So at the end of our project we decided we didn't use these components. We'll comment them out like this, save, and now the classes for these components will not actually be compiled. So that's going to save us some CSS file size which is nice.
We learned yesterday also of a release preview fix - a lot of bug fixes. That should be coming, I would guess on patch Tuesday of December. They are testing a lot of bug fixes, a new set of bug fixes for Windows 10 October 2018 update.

* * *

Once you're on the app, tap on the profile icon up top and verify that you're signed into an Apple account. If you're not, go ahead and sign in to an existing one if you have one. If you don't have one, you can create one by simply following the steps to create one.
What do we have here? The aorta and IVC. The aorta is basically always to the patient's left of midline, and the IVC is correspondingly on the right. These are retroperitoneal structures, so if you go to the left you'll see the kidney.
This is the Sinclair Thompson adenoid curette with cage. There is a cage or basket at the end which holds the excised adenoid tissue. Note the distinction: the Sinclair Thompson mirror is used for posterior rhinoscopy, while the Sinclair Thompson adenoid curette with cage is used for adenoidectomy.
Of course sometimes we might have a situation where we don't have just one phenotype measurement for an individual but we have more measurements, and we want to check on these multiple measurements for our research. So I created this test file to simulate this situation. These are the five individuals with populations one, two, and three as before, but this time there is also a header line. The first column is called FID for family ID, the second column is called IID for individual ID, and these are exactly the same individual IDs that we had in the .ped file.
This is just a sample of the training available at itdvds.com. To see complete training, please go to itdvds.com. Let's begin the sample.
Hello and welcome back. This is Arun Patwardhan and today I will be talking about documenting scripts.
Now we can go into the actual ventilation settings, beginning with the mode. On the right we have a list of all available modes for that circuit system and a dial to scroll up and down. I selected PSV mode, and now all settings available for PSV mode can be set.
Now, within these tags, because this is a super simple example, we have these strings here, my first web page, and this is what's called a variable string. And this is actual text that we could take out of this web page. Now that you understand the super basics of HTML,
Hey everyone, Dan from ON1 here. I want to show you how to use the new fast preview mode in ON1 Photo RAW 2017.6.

» **WORK INSTRUCTION**: Look above for the line holding "So at the end" and the line holding "We learned yesterday". Retype both, and every line between them, word for word and nothing else.

» **THE COMPLETED TASK**:
So at the end of our project we decided we didn't use these components. We'll comment them out like this, save, and now the classes for these components will not actually be compiled. So that's going to save us some CSS file size which is nice.
We learned yesterday also of a release preview fix - a lot of bug fixes. That should be coming, I would guess on patch Tuesday of December. They are testing a lot of bug fixes, a new set of bug fixes for Windows 10 October 2018 update.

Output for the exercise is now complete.